Canela – our cinnamon – is also used in several coffee versions in other cultures, but it does not always play the balanced role it does here.

In several Latinamerican countries many recipes call for panela. This whole cane sugar, aside from having received a heat treatment, is in its raw state. Its taste reminds me clearly of the magnitude of a single sugar source. Refined white sugar, brown sugar, muscovado and panela are all very different taste contributions to a coffee. Besides their sweetness, only the brown sugars have a noticeable taste, but only the white one seems to alter the coffee taste, while the others are a pleasant and agreeable result in pairing.

Two things I remember from sugar cane in my childhood, long before I even considered sugar. The first is the delight for one’s whole being, when chewing the juice directly out of the cane, after it has been peeled with a machete. My father was one of those educated men that could manage a machete just as well, especially by preparing coconuts or sugar cane for his
family to eat and drink them. The second memory is drinking the cane’s juice, obtained by turning a crank and thus the cylinders that press, crushing the complete cane. This is nothing but the pure and direct juice from a cane, turning brown within seconds due to natural oxidation, known in the Caribbean as ‘melao de caña’.

Mexican Coffee at a Circle Completion (2012)

How does the trajectory between two points in time become the completion of a circle? A first contact starts with innocence. No circle, no line, no life, no experience is foreseeable. The initial tasting is there just for itself. Bitterness might lack true bitterness. The sensation might be based for the most part on the surprise itself, the first impression, more than on a conscientious perception of bitterness, an aspect within the uniqueness of coffee complexities.

It takes some time before such a coffee initiation could set itself. Repetition accommodates a wider taste spectrum for each of the additional future cups. This could multiply immensely if the types of brewing vary. Being reminded today of coffees I drank in the early eighties, completes a circle. This circle encompasses recognizing the characteristics of a Mexican coffee, drank at the beginning and at the end of a 25 year span, with hundreds of others in between – espressi, Turkish, Ethiopians, french pressed, frappes and a few other cold and hot experiments.

Tasting these different coffees kills any possibility of monotheism. In all I have repeatedly found masterpieces for the palate. And those making these drinks prepare them each time in the conviction they are creating the center of the coffee universe that very moment. When Doña Gloria lovingly explains the process and part of her story, this is precisely what she is doing. Unhappy she explains that for many years she used the clay pots. Her kitchen staff broke these pots on a weekly basis and each time she had to order a new one from Mexico. This forced her to use unbreakable pots.

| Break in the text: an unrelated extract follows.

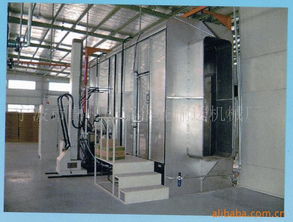 寧波市鄞州邱隘華龍輸送機(jī)械廠 專業(yè)涂裝與通風(fēng)設(shè)備系統(tǒng)解決方案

Doña Gloria, owner/operator of Café el Portal

Through that change some of the valuable taste and characteristic have diminished, but none of the passion and demanding attitude. In the Café el Portal Doña Gloria sits and stands daily, while her portrait on one wall expresses tradition and aesthetic. Her smile and her attentive eyes speak honest dedication quite clearly, ever inviting me to taste the completed circle.